Behar-Bechukothai: Time
The midrash quoted by Rashi on the first verse of this week's reading has become the cliche that expresses irrelevant juxtaposition.
. מָה עִנְיַן שְׁמִטָּה אֵצֶל הַר סִינַי — Mah inyan shmitah aytzel har Sinai
What has the matter of the Sabbatical year to do with Mount Sinai
This could be translated as " What does that have to do with the price of tea in China?", the roughly equivalent American idiom.
Rashi's answers this question:
to teach regarding every Divine command (lit., Divine utterance) that was spoken to Moses that in every case they, their general rules and minute details originated at Sinai and that they were only repeated again in “the fields of Moab”.
Mentioning Mount Sinai as the place of origin validates the law and its details. Taxes, rules regarding property use and real estate transfers can be written and/or twisted for profit; they become a means to acquire wealth without labor or production.
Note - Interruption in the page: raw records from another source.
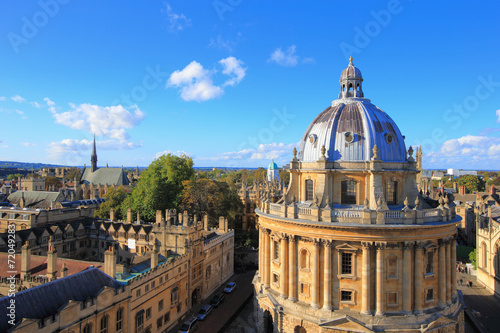 Obraz na plátně Oxford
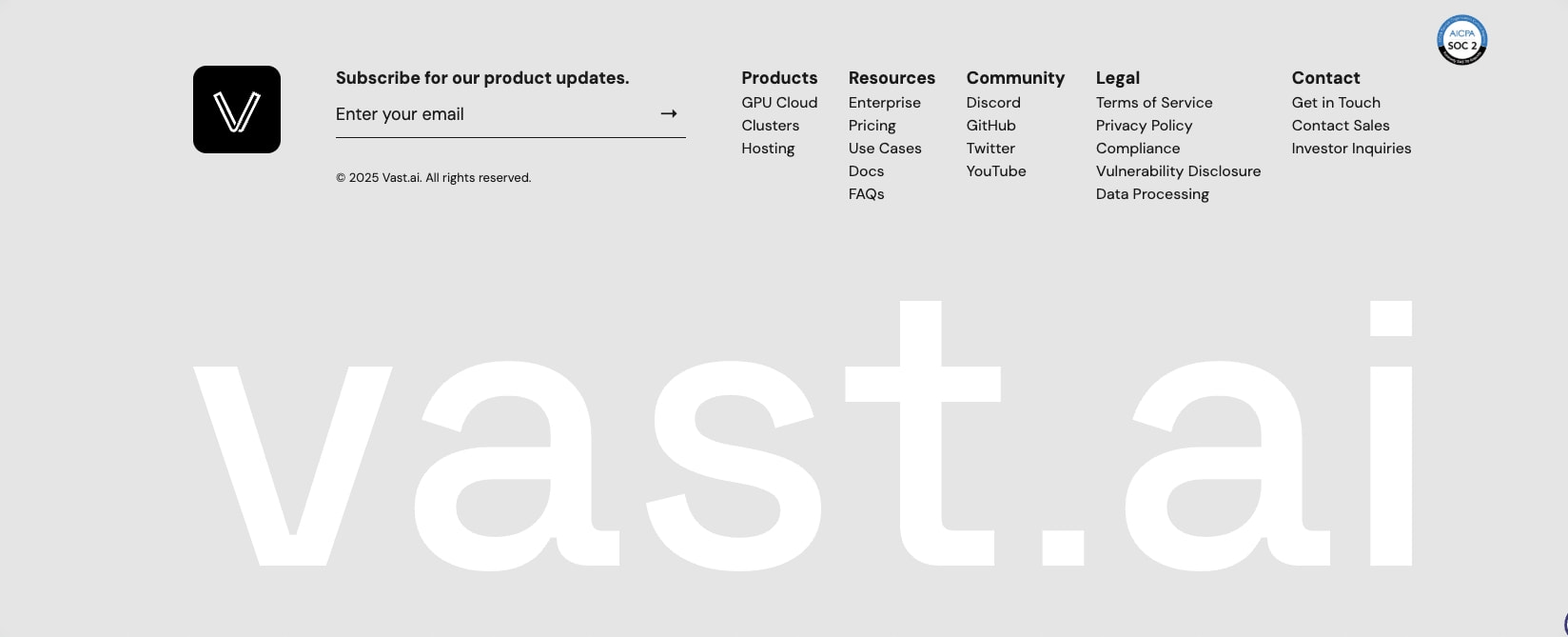 Rent GPUs | Vast.ai captured website design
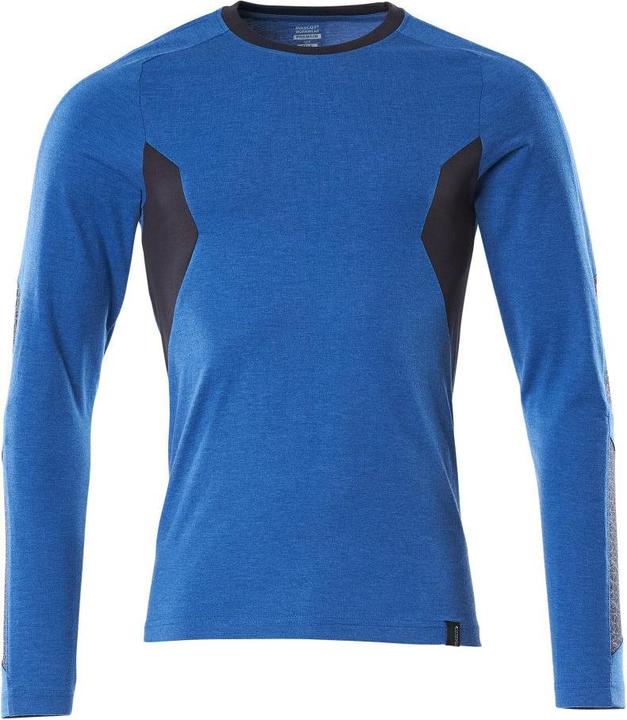 Actual product image Mascot Longsleeve ACCELERATE azure / black-blue (3XL)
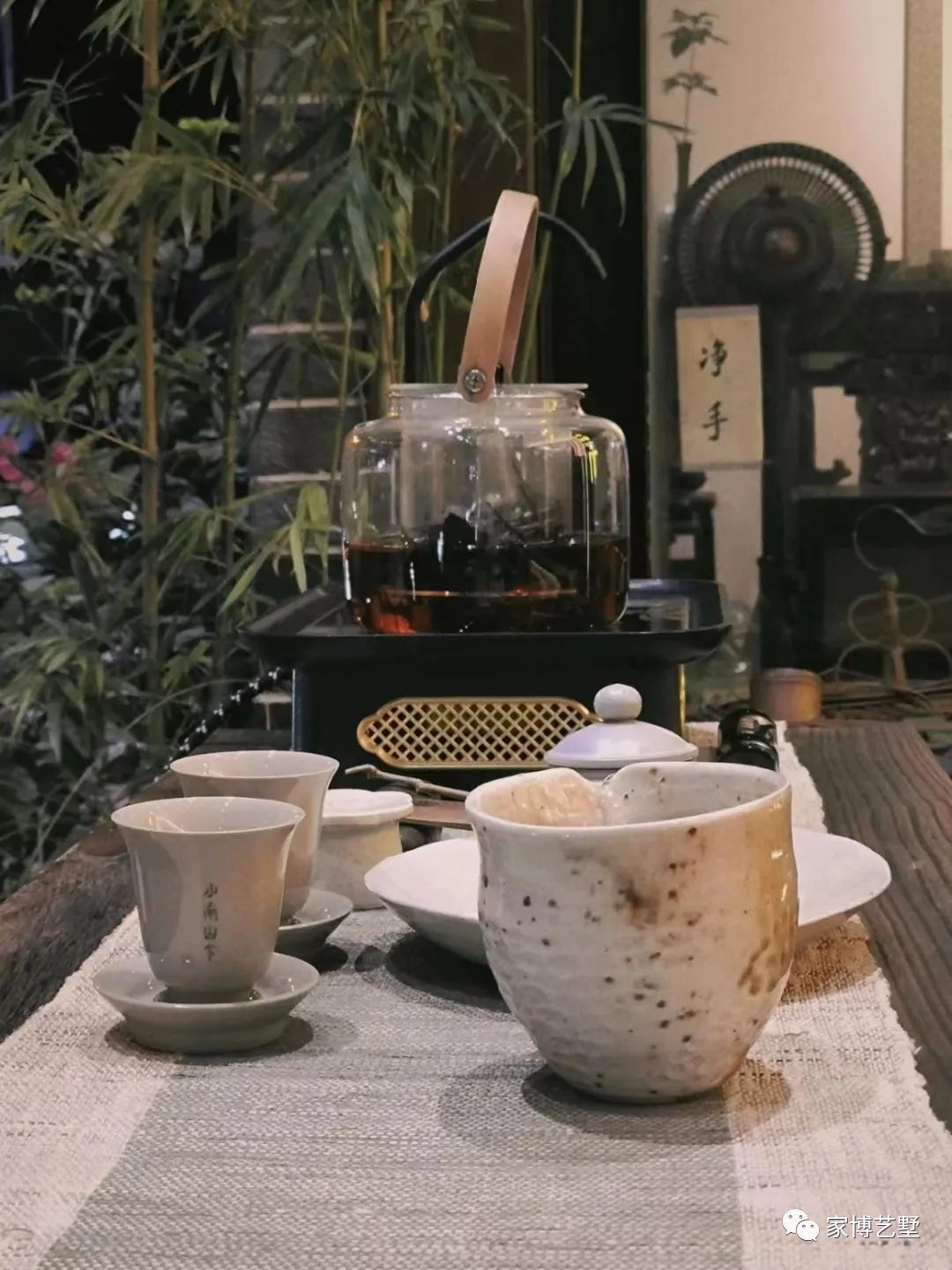 家博園藝｜冬居小院，圍爐煮茶，細嘗煙火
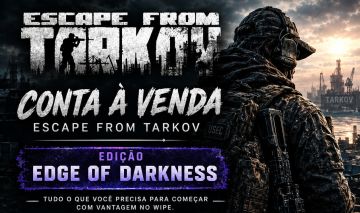 Conta EOD, contém Arena , PVE e PVP +1000h de jogo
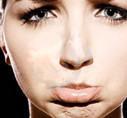 Sad face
As the song, John Wesley Harding, goes:
Some will rob you with a six gun, Some with a fountain pen.
Robin Hood rescues the common folk from the impoverishing conspiracy of the clever and the state. The Law, imposed by the Powerful upon the defenseless, is controlled by its enforcers. Welcome to the USA ( or the Soviet Union, or Sweden, etc.) Thus, Rashi addresses the problem of validating land laws that can lead to economic ruin, and are, therefore, subject to scrutiny and mistrust. The mistrust multiplies over time, as situations change.
Rashi also alludes to the fields of Moab. This is the place where covenant between Gd and Israel is reviewed, just before the entry into the Promised Land, where all these laws will soon apply. The regulations stated in this week's readings will not apply for 40 years. They are agricultural rules given to nomads.
In the context of the story, the population at Sinai did not know that they would wander in the desert for 40 years. The 40 year odyssey was decreed based upon subsequent events. The tribes at Sinai believed they would be entering the Promised Land in days or weeks. But when we read this chapter, we know what will happen; Rashi reminds us. By the time the Israelites actually stand on the Plains of Moab, these rules, that appear dangerously deranged ( as evidenced by the reassurances that surround them:
וְכִ֣י תֹאמְר֔וּ מַה־נֹּאכַ֖ל בַּשָּׁנָ֣ה הַשְּׁבִיעִ֑ת הֵ֚ן לֹ֣א נִזְרָ֔ע וְלֹ֥א נֶאֱסֹ֖ף אֶת־תְּבוּאָתֵֽנוּ׃
And should you ask, “What are we to eat in the seventh year, if we may neither sow nor gather in our crops?”),
These rule are stale ( hence questionable) memories. Another meaning of
מָה עִנְיַן שְׁמִטָּה אֵצֶל הַר סִינַי — Mah inyan shmitah aytzel har Sinai
What has the matter of the Sabbatical year to do with Mount Sinai.
These laws are being given outside of their time.
The Zionist resettlement of the land makes this question more acute. These rules are ancient: pre-fertilizers, pre- market, pre-Feudal. Their age raises questions of applicability. Kohanim ( the priestly class) cannot be identified reliably; the ancestral provenance of the land is long lost. Yet, there are attempts to apply these laws with various clever interpretations and workarounds.
In modern times, the answer to : Mah inyan shmitah aytzel har Sinai evolves into defining the relationship between those that have land, grain, food, money - and those who do not. The laws obligates those with wealth to provide for the downtrodden. The law obligates respect and care for the land.
In a sense, if there is no mores shmitah, no more Sabbatical year, there is no more Sinai, no more belief in the Divinty of the Law. For a people exiled for millennia, binding agricultural law to Sinai, and the communication from Gd that it represents, is strange and tenuous. It my lifetime, it has had interesting consequences.